Writer: J. Michael Straczynski
Pencils: Mike McKone
Inks: Andy Lanning
Colors: Paul Mounts
Letterers: VC’s Cory Petit
Editor: Tom Brevoort
Publisher: Dan Buckley

Family.

Friends.

Togetherness.

Cosmic-Radiation.

These are the glue that hold together the Fantastic Four. Called, rightly so, the first family of comics, these four have seen it all together. Universe shattering monsters, super-villains, political dissension, and even friends and family coming and going. The fact is that Mr. Fantastic, Invisible Woman, Human Torch, and The Thing have all remained the constants.

JMS likes to twist things. We’ve already seen that he can take a somewhat silly looked over point about Spider-man and turn it into an entire discussion as to the origins of the character itself. He’s now turned his attention to the F4, and where I have my points of minutiae that cause me some grief, generally the concept of what he is doing is strong.

Story!

Reed Richards is a genius. That’s his MO. A smarty-pants until the day he dies. He’s been requested to help a government group of uber-smarties on their quest to replicate the accident that turned the Fantastic Four into the superheroes they are. The moon is in the seventh sun, and Jupiter is aligned with Pluto; everything is exactly as it was when they made their first faithful journey into space.

Reed though needs to do this alone. He believes, through his new research, that maybe the radiation that pierced them wasn’t so much a random freak occurrence, but a message to be received and responded to.

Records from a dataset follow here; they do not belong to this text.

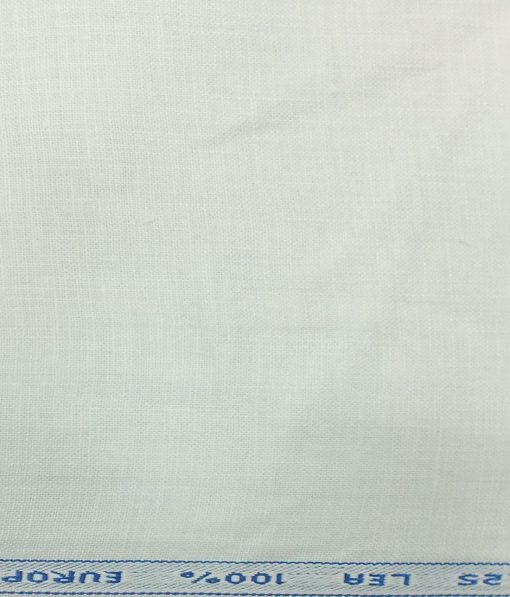 Cadini by Siyaram's White 100% Pure Linen 25 LEA Self Design Unstitched Trouser Fabric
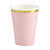 Pappbecher mit Goldrand - Hellrosa, 220ml, 6 St�ck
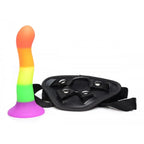Strap U® Proud Rainbow Vibrating Silicone Dildo with Harness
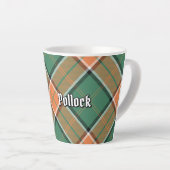Clan Pollock Tartan Latte Mok (Rechterhoek)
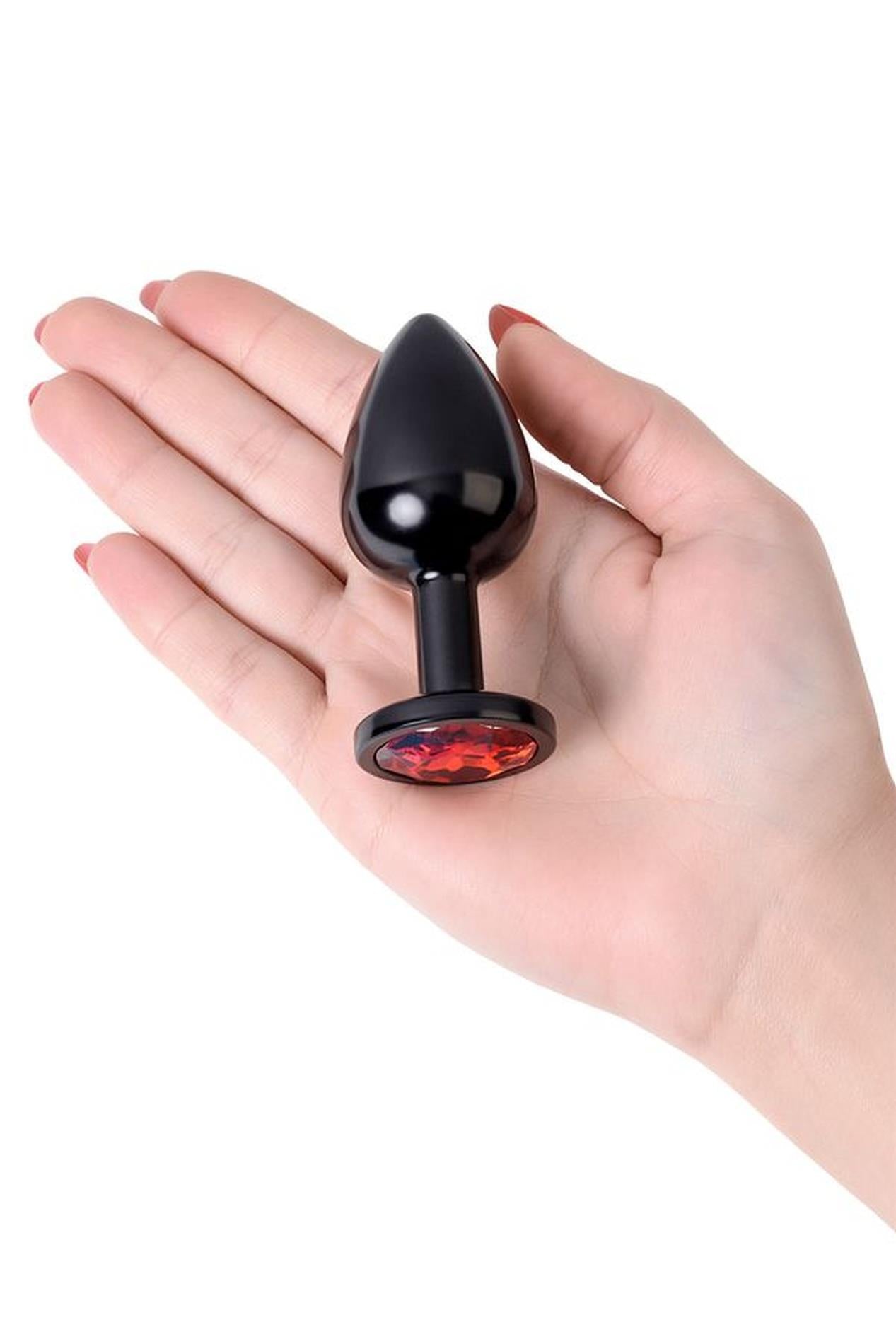 6-Black anal plug TOYFA Metal,with a ruby colored gem-6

For Reed and fam to be there in the exact same way again, Reed feels that he would be saying ‘Yes, we got it’. Remember how I said Reed was a smart cookie? Yeah, he was totally right.

So now we have an alien following the Fant 4, and when it finally makes itself known (first only to Ben, which seems an interesting point of notice), he himself has a problem. That’s for you to read about though.

If I was to give you the problems with this story, I would start by the subplot of child services and the Fant 4 going untouched. Unless they come home, and the kids are gone – I’ll be completely dissatisfied, since their actions this last few issues are actually backing up the claim that they are arguably bad for their children. Upping and wandering off for a science experiment that might KILL THEM doesn’t seem like the thing to do, especially when you are being questioned for being bad parents.

The other problem is that this storyline rings of ‘not entirely new’. If you disagree with me, go read (or watch) Carl Sagan’s “Contact”. Similar enough to notice, different enough to ignore, and when it comes to JMS, someone I hold in high regard as a storyteller, I don’t want to be able to find such a quick and easy comparison.

ART!

Let me address the cover, as I am prone to do occasionally. The FF all being bombarded with radiation. That happened in the book too, but it amazed me how prone I was to staring at Sue’s breasts. Check out the cover, and tell me how amazing it is that this very fine cover makes you just gawk at her chest. I try not to be oogly fanboyishly dirty, and sometimes i even succeed, but just seriously, look at those breasts.

Ok – sorry about that – sometimes something catches me off guard about a comic, and that whole breast thing did. Internally, the art is fantastic. Mike McKone and Andy Lanning do a fine job at this book. The story itself covers quite a few different vibes. (The space ship scene, the desert scene, the alien culture, etc.), and each have their own feel and vibe.

I might yell that the coloring is a little TOO vibrant at times, but that would be, and there is one panel that Reed looks like he’s taken in too much of the Spice (See: Dune), but all in all a fine looking book.

OVERALL!

Hit or miss. That’s really how I lay this one down. The writing is fine, the art is fine, but the overall plot isn’t striking me as something uber-amazing. That is the standard I hold JMS up to, and this story isn’t reaching it’s goal. I don’t quite miss Mark Waid yet, but I am starting to believe that JMS might not have the heart of the FF in mind, as much as he had a story he wanted to tell.

We won’t be able to tell that until the end though.